• _WORKING DATA_:
:::::

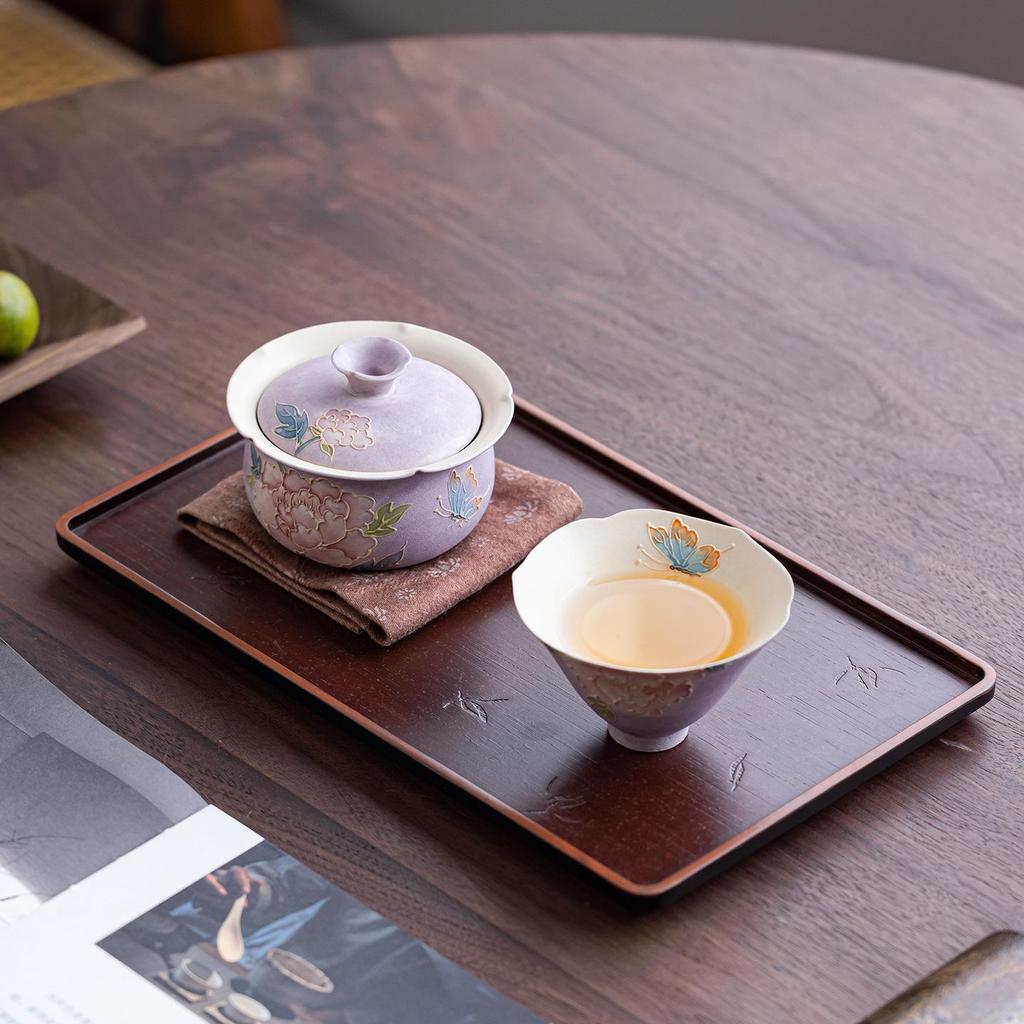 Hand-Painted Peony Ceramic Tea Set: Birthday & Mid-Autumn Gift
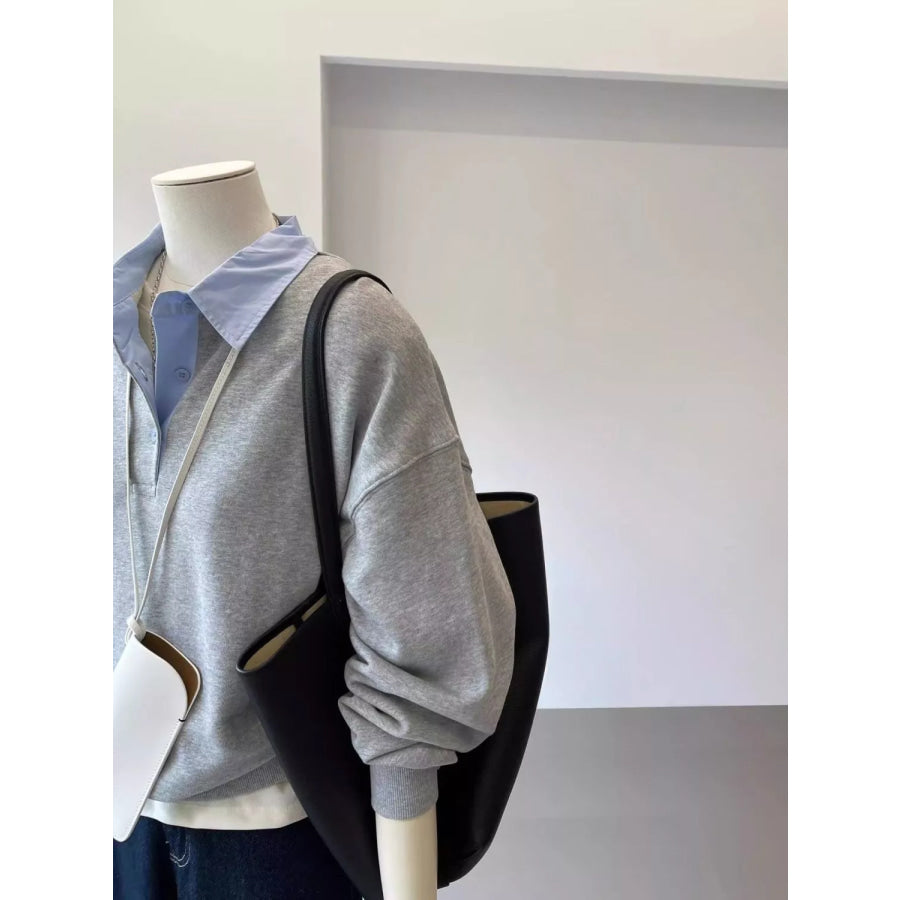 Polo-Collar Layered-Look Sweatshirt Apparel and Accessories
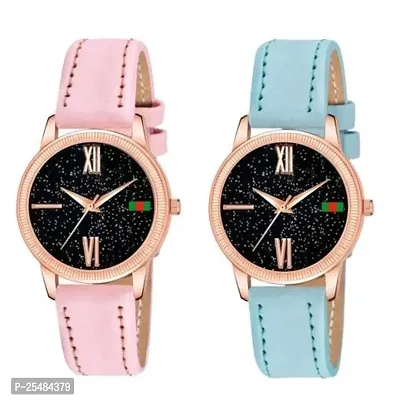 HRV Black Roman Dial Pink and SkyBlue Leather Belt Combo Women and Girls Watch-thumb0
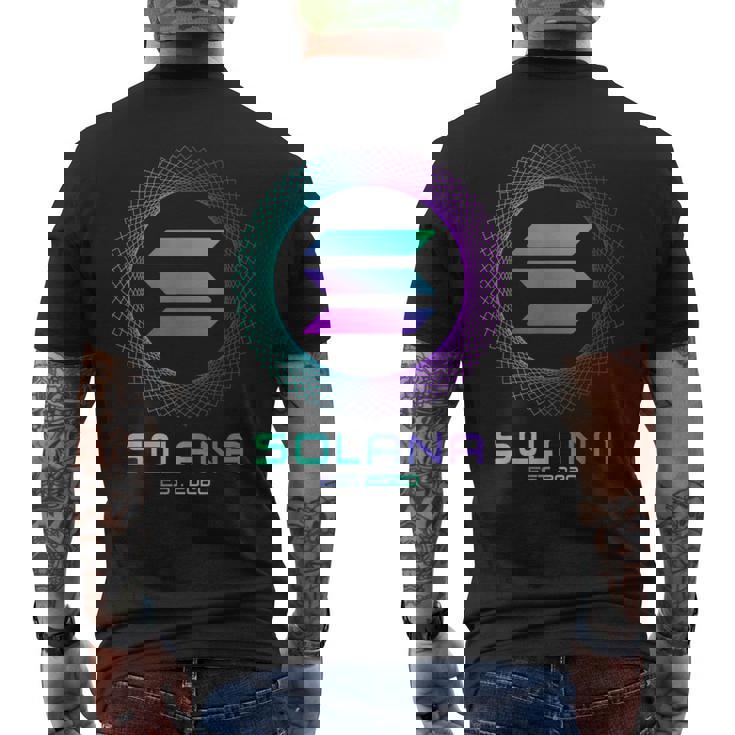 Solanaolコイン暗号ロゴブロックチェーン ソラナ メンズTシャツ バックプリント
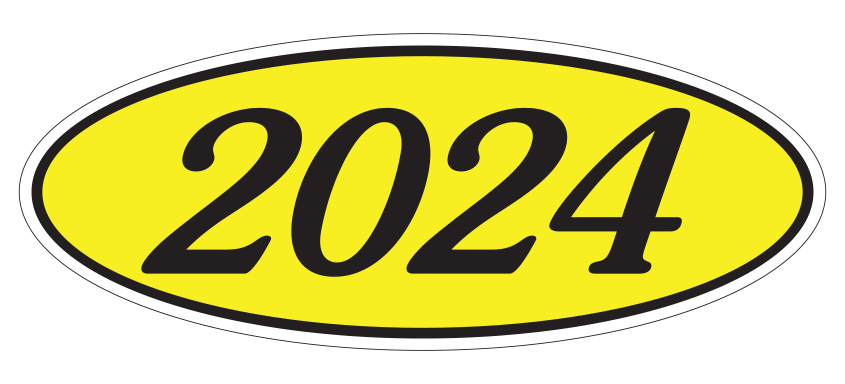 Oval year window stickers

:::::

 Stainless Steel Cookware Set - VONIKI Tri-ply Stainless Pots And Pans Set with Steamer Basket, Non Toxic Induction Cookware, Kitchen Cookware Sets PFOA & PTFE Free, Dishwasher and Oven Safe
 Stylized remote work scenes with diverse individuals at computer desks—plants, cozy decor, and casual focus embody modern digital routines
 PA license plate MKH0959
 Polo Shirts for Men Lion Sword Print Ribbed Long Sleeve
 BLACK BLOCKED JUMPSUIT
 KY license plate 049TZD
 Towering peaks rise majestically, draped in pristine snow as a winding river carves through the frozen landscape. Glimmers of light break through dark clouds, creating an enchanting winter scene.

:::::

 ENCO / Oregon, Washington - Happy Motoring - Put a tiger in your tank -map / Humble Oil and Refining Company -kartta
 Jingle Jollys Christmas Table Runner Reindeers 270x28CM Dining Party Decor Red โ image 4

:::::

• _AIM OF THE TASK_: Only the lines above from the line containing "Stylized remote work" through the line containing "Towering peaks rise" should be retyped, exactly and with both ends included.

• _YOUR RESPONSE_:
 Stylized remote work scenes with diverse individuals at computer desks—plants, cozy decor, and casual focus embody modern digital routines
 PA license plate MKH0959
 Polo Shirts for Men Lion Sword Print Ribbed Long Sleeve
 BLACK BLOCKED JUMPSUIT
 KY license plate 049TZD
 Towering peaks rise majestically, draped in pristine snow as a winding river carves through the frozen landscape. Glimmers of light break through dark clouds, creating an enchanting winter scene.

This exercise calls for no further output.